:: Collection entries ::
[Start of Attachment]
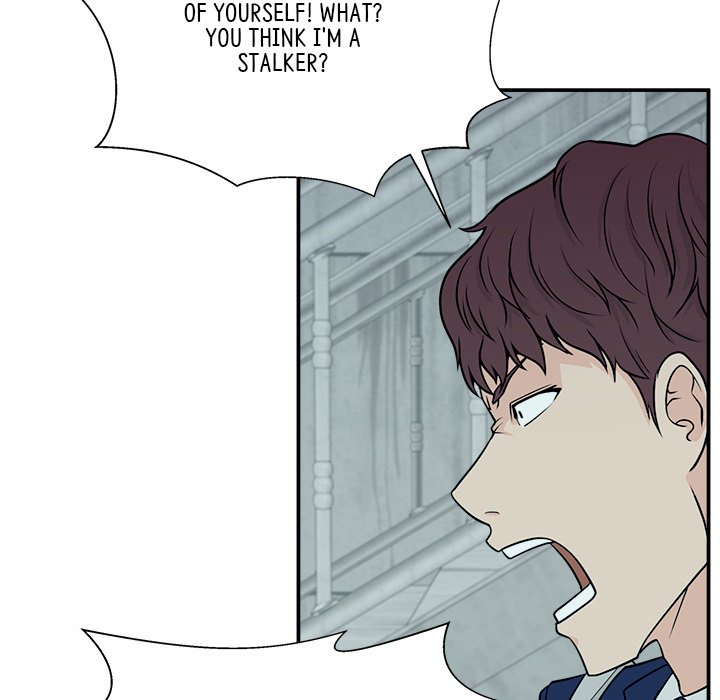 Read Jinxed chapter 3 image 82 on Lezhin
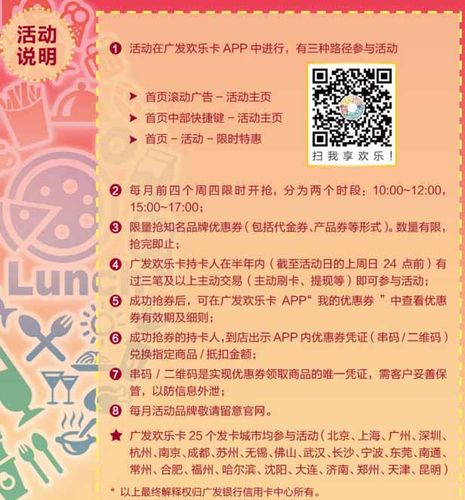 哪个信用卡积分可以兑换哈根达斯(哪个信用卡积分可以兑换腾讯视频会员)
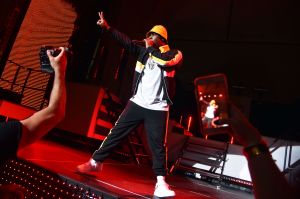 ASAP Ferg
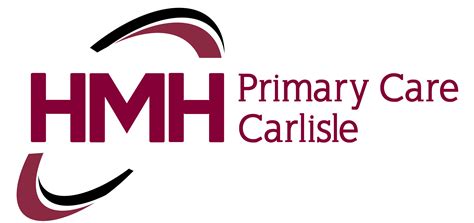 Hmh primary care. Things To Know About Hmh primary care. 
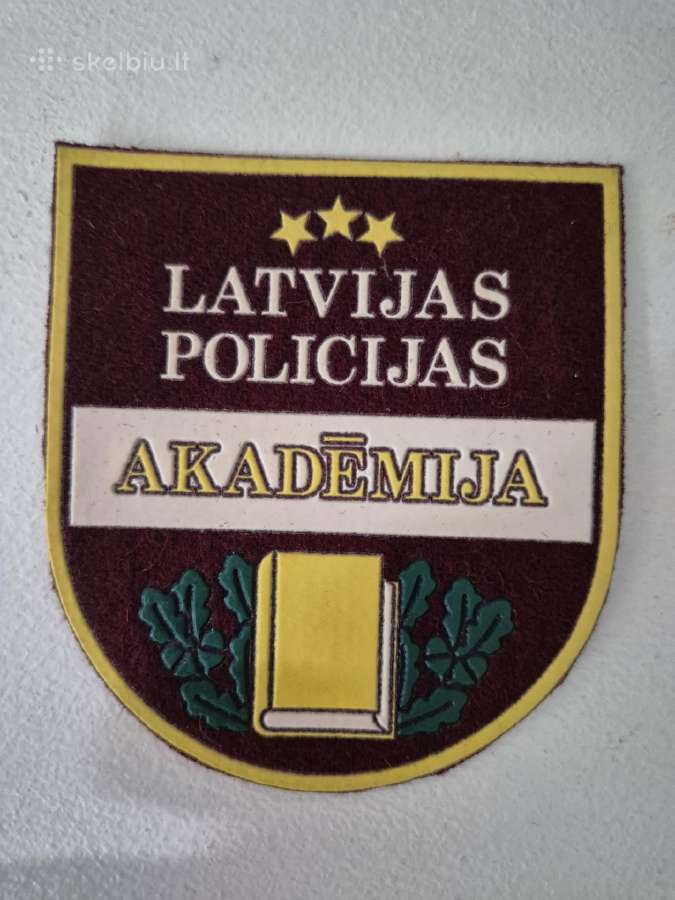 Antsiuvai - nuotraukos Nr. 28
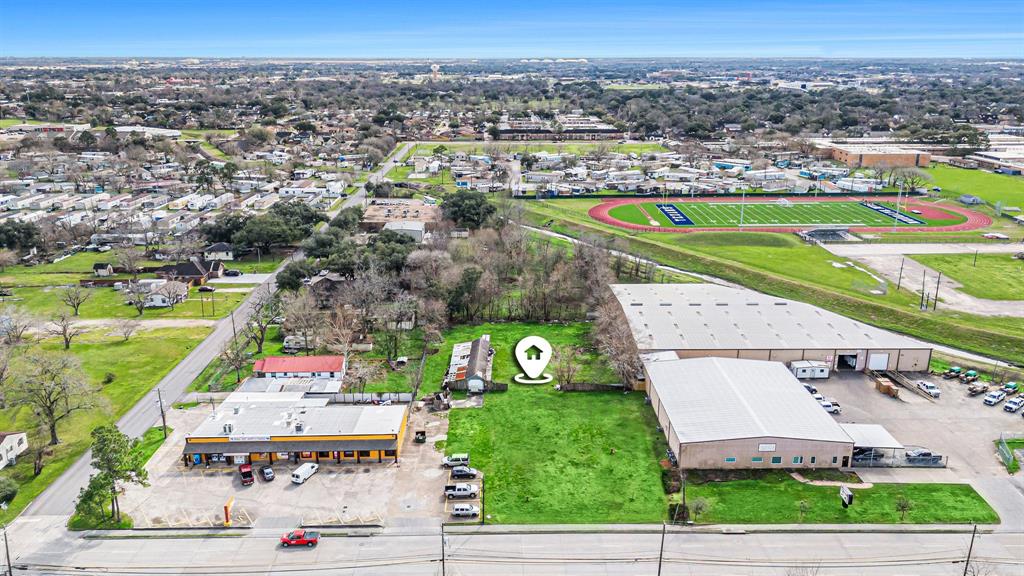 2412 Pasadena Boulevard, Pasadena, Texas image 15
[End of Attachment]
:: Task ::
Your job is to transcribe the entries above exactly; skip the pictures.

:: Solution to the problem ::
 Read Jinxed chapter 3 image 82 on Lezhin
 哪个信用卡积分可以兑换哈根达斯(哪个信用卡积分可以兑换腾讯视频会员)
 ASAP Ferg
 Hmh primary care. Things To Know About Hmh primary care. 
 Antsiuvai - nuotraukos Nr. 28
 2412 Pasadena Boulevard, Pasadena, Texas image 15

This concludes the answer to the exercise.